(Beginning of Provided information)

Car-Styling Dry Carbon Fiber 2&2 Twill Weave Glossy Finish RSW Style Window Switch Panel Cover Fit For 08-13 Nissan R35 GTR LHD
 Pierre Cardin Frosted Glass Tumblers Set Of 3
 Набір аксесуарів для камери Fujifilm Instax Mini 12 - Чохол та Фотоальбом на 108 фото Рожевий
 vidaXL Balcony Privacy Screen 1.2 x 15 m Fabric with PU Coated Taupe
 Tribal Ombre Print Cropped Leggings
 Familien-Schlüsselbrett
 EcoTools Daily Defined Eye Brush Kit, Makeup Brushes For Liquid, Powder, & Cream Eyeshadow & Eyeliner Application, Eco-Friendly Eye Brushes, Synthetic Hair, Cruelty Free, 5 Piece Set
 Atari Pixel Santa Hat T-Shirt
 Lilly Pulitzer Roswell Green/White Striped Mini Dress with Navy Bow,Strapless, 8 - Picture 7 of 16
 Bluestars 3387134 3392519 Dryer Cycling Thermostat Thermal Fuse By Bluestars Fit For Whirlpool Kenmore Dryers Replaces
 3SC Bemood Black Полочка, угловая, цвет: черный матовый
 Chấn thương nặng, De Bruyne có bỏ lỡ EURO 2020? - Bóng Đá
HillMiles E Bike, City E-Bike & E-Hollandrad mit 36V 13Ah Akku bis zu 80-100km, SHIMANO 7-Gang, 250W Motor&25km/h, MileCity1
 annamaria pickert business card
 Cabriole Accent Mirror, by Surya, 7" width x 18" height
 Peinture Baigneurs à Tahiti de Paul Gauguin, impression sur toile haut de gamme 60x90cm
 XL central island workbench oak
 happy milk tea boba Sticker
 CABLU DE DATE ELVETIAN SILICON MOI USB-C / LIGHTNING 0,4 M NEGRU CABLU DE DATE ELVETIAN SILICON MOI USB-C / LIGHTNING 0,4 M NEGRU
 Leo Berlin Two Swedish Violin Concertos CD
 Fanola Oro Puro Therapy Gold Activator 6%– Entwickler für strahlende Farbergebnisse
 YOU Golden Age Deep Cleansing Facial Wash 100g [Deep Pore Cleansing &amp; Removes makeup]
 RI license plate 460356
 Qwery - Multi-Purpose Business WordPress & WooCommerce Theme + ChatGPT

(End of Provided information)

§ **Your assignment**:
Reproduce only the lines between the line containing "Lilly Pulitzer Roswell" and the last line of the records, those two lines included, exactly.

§ **Output of the exercise**:
 Lilly Pulitzer Roswell Green/White Striped Mini Dress with Navy Bow,Strapless, 8 - Picture 7 of 16
 Bluestars 3387134 3392519 Dryer Cycling Thermostat Thermal Fuse By Bluestars Fit For Whirlpool Kenmore Dryers Replaces
 3SC Bemood Black Полочка, угловая, цвет: черный матовый
 Chấn thương nặng, De Bruyne có bỏ lỡ EURO 2020? - Bóng Đá
HillMiles E Bike, City E-Bike & E-Hollandrad mit 36V 13Ah Akku bis zu 80-100km, SHIMANO 7-Gang, 250W Motor&25km/h, MileCity1
 annamaria pickert business card
 Cabriole Accent Mirror, by Surya, 7" width x 18" height
 Peinture Baigneurs à Tahiti de Paul Gauguin, impression sur toile haut de gamme 60x90cm
 XL central island workbench oak
 happy milk tea boba Sticker
 CABLU DE DATE ELVETIAN SILICON MOI USB-C / LIGHTNING 0,4 M NEGRU CABLU DE DATE ELVETIAN SILICON MOI USB-C / LIGHTNING 0,4 M NEGRU
 Leo Berlin Two Swedish Violin Concertos CD
 Fanola Oro Puro Therapy Gold Activator 6%– Entwickler für strahlende Farbergebnisse
 YOU Golden Age Deep Cleansing Facial Wash 100g [Deep Pore Cleansing &amp; Removes makeup]
 RI license plate 460356
 Qwery - Multi-Purpose Business WordPress & WooCommerce Theme + ChatGPT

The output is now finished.